The following is part of a series reflecting on the life of C.S. Lewis. This is accomplished by summarizing various events or happenings during his lifetime for the noted period and may include significant events related to him after his death.
Highlights for the second third of December (11th – 20th) include: A follow-up piece to The Screwtape Letters, a warning about seeking to be a part of “the inner ring” and the printed version of Lewis’s final radio broadcast.
Lewis received many requests to write more material found in The Screwtape Letters but he always refused. It was almost twenty years between the time he wrote his first letter to Wormwood and something new from Screwtape would appear. However, on the 19th in 1959 readers of The Saturday Evening Post discovered the senior demon had more to say. “Screwtape Proposes a Toast” has the esteemed devil giving a speech “at the annual dinner of the Tempters’ Training College for young Devils.” After commenting on the poor quality of damned souls they had feasted upon he notes that the quantity of humans destined for Hell was not lacking. However the greater part of the talk focuses on how democracy (it’s mentioned a dozen times) can be used in a “diabolical sense” to advance the efforts of “our Father Below.”

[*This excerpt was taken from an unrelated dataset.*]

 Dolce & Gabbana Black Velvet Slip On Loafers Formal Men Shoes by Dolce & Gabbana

Years earlier, on the 14th in 1944 Lewis gave an actual address that Screwtape would have been totally against. He gave a commemoration oration at King’s College that expresses a truth he showcased as a flaw in a major character in one of his novels. “The Inner Ring” warns of an unhealthy desire to be a part of the secret group of people in an organization that really make the decisions. Lewis contents there are actually two different hierarchies in any institute: one that is the formal structure, the other is more informal where the actual power exists. Mark Studdock in That Hideous Strength desperately sought to be on the inside of such a group, only to find that there was yet another inner ring and to finally discover emptiness awaiting him inside the innermost ring. Lewis does state that not all informal groups are “inner rings” in a negative sense. That is, it is okay to be a part of smaller groups of individuals who share common interests as long as they are centered on friendship and not a desire to have power over others. The essay is best available in The Weight of Glory.

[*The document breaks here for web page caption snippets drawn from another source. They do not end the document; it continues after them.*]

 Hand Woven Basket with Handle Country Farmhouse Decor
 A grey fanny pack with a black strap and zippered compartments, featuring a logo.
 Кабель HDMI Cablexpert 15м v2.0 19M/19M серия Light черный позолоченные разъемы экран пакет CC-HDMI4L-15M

Those who have read this series are very aware of Lewis being on the radio many times in the 1940’s. Few know that he stood before the microphone less than fourteen months before his death in 1962. He recorded a talk about John Bunyan’s Pilgrim’s Progress on October 16, 1962 and it aired less than a month later on November 11th. Then on the 13th of December it was published in The Listener (where his last radio talks for what became a part of Mere Christianity had been printed). It is now found in the recently reprinted Selected Literary Essays book (or eBook) as “The Vision of John Bunyan.” The actual recording is also available as part of a larger collection of recordings that includes his radio series that became The Four Loves.
If you were of the book reading age in the 1960’s and a fan of Lewis then you were treated to a wide variety of books by him (though most were edited by others). One that came out this month after his death was a collection of letters written to a single person. Letters to an American Lady was released on the 19th in 1967 and at that time it was not public knowledge they were addressed to Mrs. Mary Willis Shelburne. While that book (edited by Clyde S. Kilby) is still in print, all the letters can be found in the third volume of Collected Letters (which is out of print in book form, but obtainable as an eBook). At the time it was released it was only the second collection of letters; the first was Letters of C.S. Lewis from Lewis’s brother, Warren (“Warnie”) that included a memoir.
Finally, the sixth installment from “Who Goes Home? or The Grand Divorce” appeared in The Guardian on the 15th in 1944. It became the first half of the fifth chapter in The Great Divorce. A conversation is begun between Dick, one of the “Bright People” (Spirit) and a clerical Ghost. The Spirit tried to help the minister understand that he didn’t really do anything brave by sharing his misguided opinions that “were not honestly come by.” This section ends with a plea to repent that is met with “I’m not sure that I’ve got the exact point you are trying to make.”